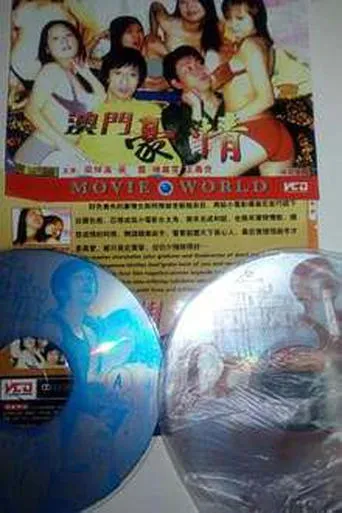 色欲档案之澳门豪情 movie poster - Entertainment content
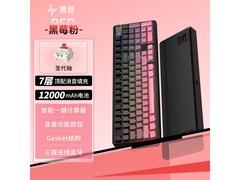 惠普GT98三模机械键盘288元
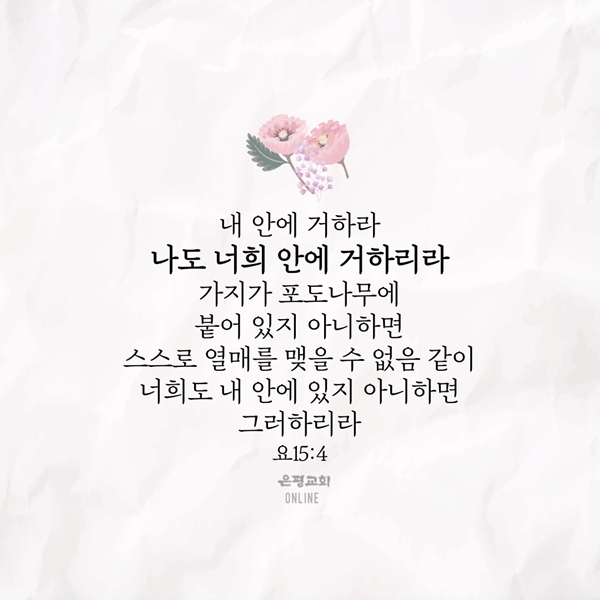 KakaoTalk_20210531_204822562_02.jpg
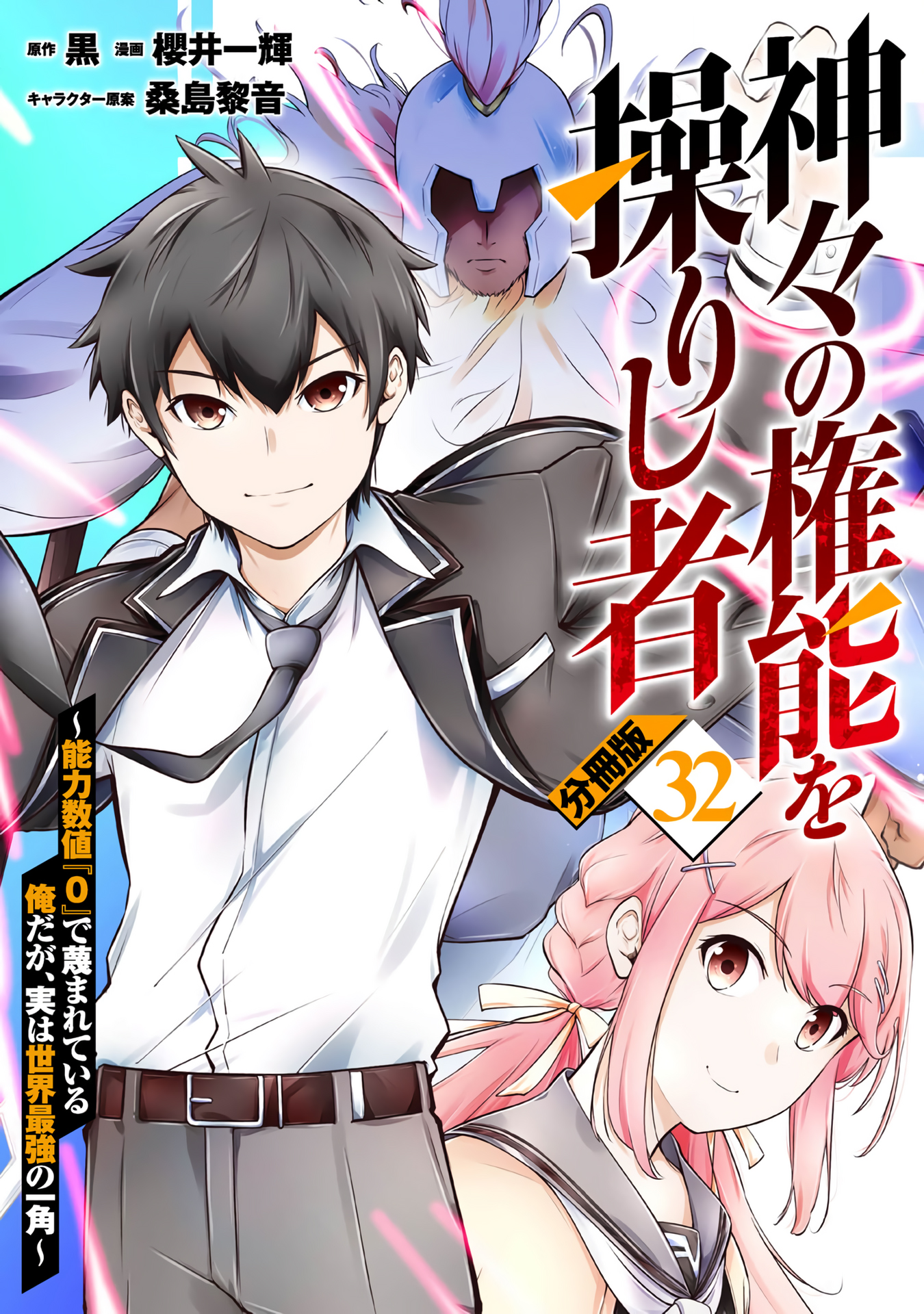 Kamigami no Kennou wo Ayatsurishi Mono ~Nouryoku Suuchi "0" de Sagesumareteiru Ore da ga, Jitsu wa Sekai Saikyou no Ikkaku~ Chapter 32-eng-li - Page 1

__________

Please retype, exactly as they appear, the lines from the one with "KakaoTalk_20210531_204822562_02.jpg" through the final line of the material, both included, and drop any pictures.

- **COMPLETED EXERCISE**
 KakaoTalk_20210531_204822562_02.jpg
 Kamigami no Kennou wo Ayatsurishi Mono ~Nouryoku Suuchi "0" de Sagesumareteiru Ore da ga, Jitsu wa Sekai Saikyou no Ikkaku~ Chapter 32-eng-li - Page 1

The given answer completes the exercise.